Kjell was sitting on a rock a few yards downstream. She turned around and waved to him mechanically.

“Want some soap?” he called to her.

“Sure.”

He ran inside and came out with a square of lye-smelling homemade soap.

“Look,” he said pointing to the edge of the building, “there’s a shower over there. You use that and the soap won’t hurt the fish.”

He watched her soberly as she climbed out of the stream and walked to the shower. The water was cold, much colder than the stream. She soaped herself as the boy looked on, rinsed, and wrapped herself sarongwise in the towel.

“O.K.?” she asked him.

“Sure.”

He walked across the creek from rock to rock and sat down on the bank opposite her.

“Nice place,” she said.

“Pretty nice. Nothing like it was though.”

“How was it?”

“Oh, it was full of people all the time.

“It’s better like this, don’t you think?”
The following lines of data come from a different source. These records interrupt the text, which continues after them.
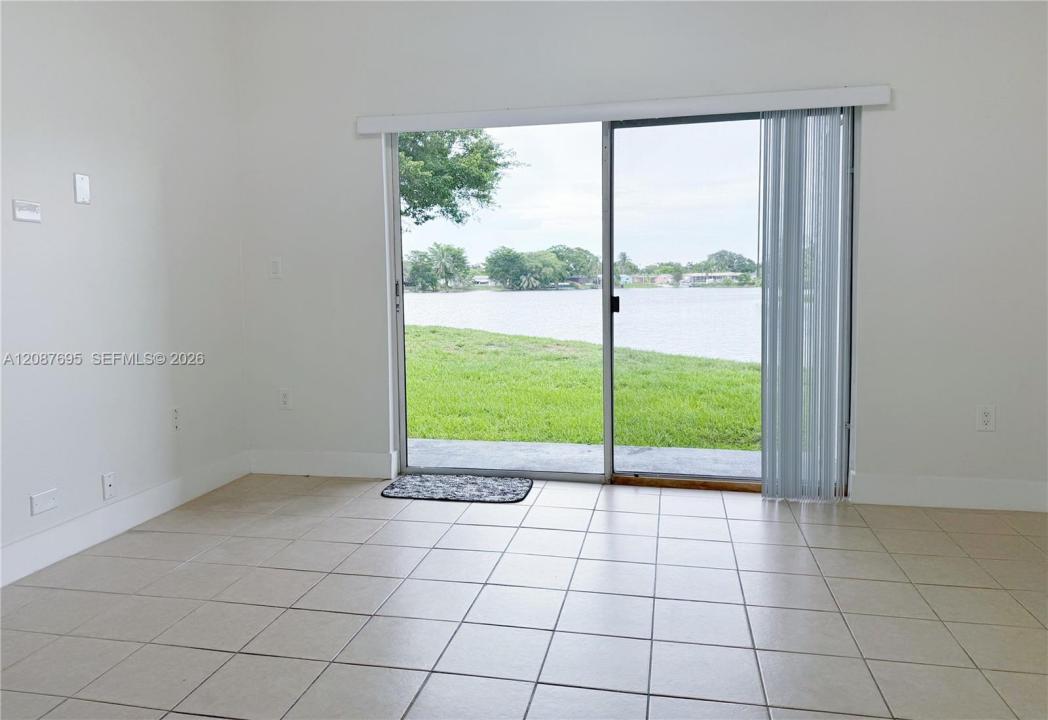 2001 NW 96th Ter 10J, Pembroke Pines, Florida 33024, USA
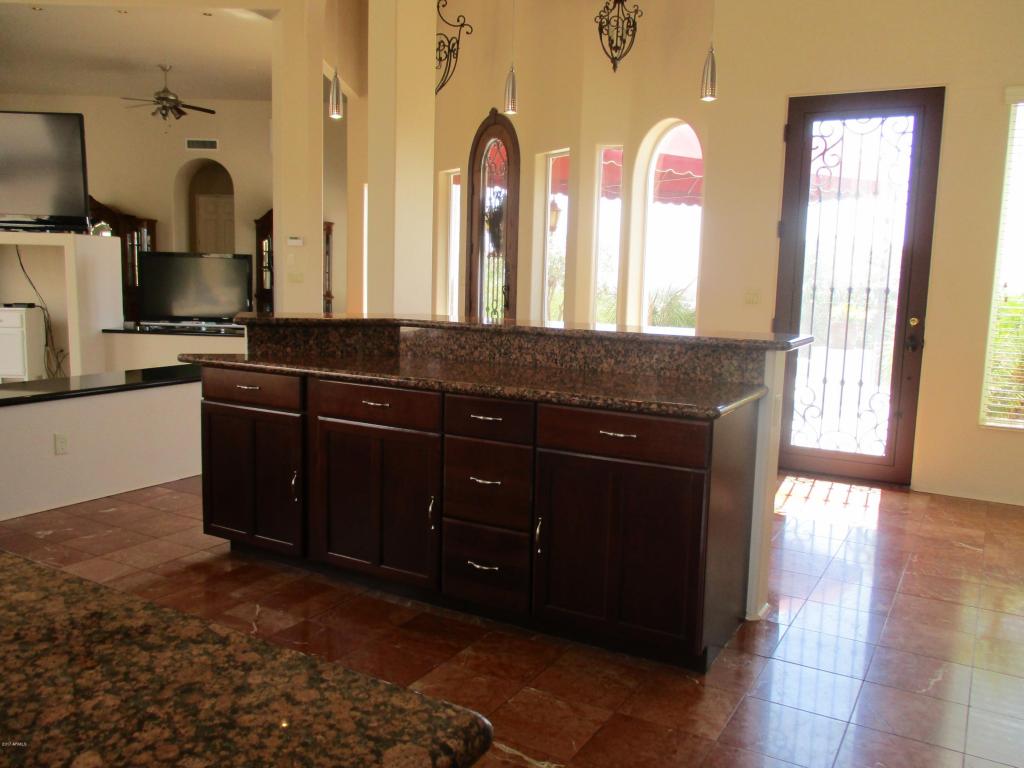 2561 N Prospectors Rd, Apache Junction, AZ 85119 photo 8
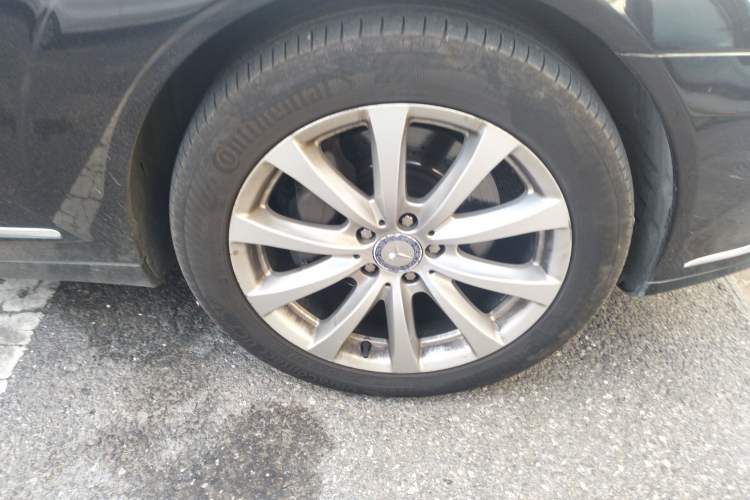 Used Mercedes-Benz S-Class 2010 S 300 L Luxury Model
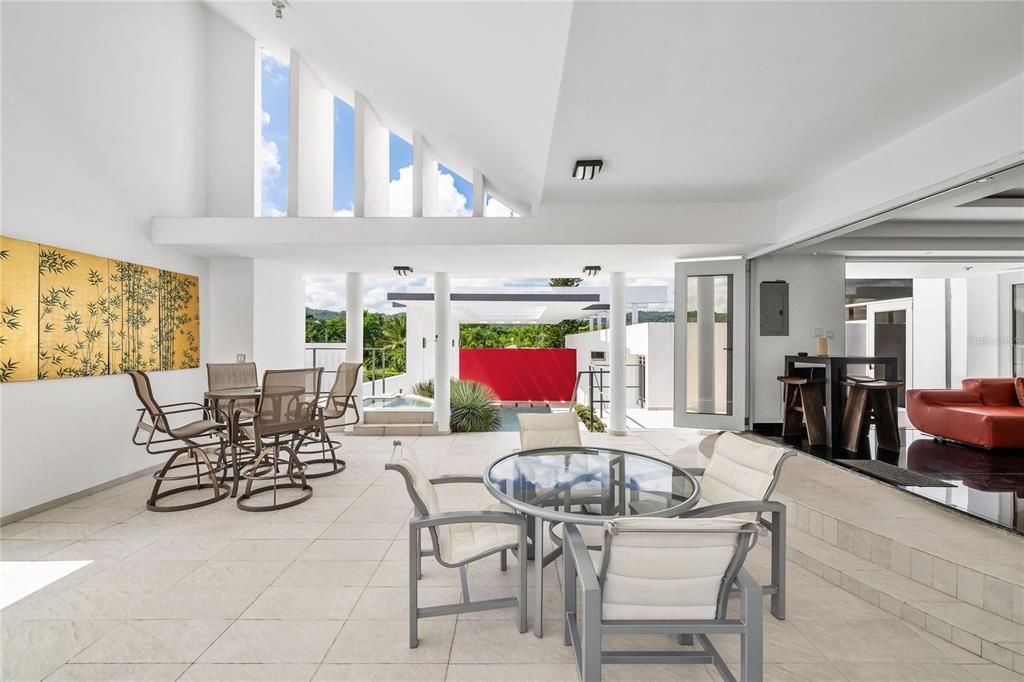 En Venta: $1,425,000 (5 camas, 4 baños, 4300 Pies cuadrados)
“I don’t know. The fishing’s better.”

“How can you fish,” she asked him, “if you’re worried about soap hurting them? Doesn’t the hook hurt them?”

“I don’t think it’s the same,” Kjell said. “Some people around here used to say fishing was cruel. Dieter says the people who objected to it most are all murderers now.”

“You mean they’ve killed people?”

“Well, it could be symbolic. Or it could be they’ve killed people.”

“I see,” she said. “Have you lived here all your life?”

“Most of it. I was born in Paris though.”

He was quite perfect, an exquisite artifact of the scene like the Indian bells in the trees. He was a child of Advance as she herself was — born to the Solution at the dawn of the New Age.

It was impossible for her not to think of Janey but the drug dulled her panic nicely.

“Where’s your mother?”

“Back east in the hospital. She left here a long time ago.”

“She get tired of the crowds?”

“She thought he was God.”

“Well,” Marge said, “that was silly of her.”

“No,” Kjell said, “she thought he really was God. Some people used to. Once some regular church people came up here to ask him about it.”

“What did he tell them?”

“He kind of let on that he was.”

“Did he think he was?”

“He sort of did. Now he says he wasn’t any more God than anybody else but other people didn’t know they were God and he did.”

“Did you think he was God?”

“I don’t know. Maybe he is. I mean, how could you tell?”

“Now when I was a kid,” Marge said, “there was an organization called the League of the Militant Godless.”

“Goddess?”

“God- less ,” Marge said. “They did without.”

“And they were pissed off?”

“Everybody was pissed off when I was a kid. I was pretty pissed off myself.” She stood up and shivered inside the towel. “Hey, it’s nice up here. What is this place?”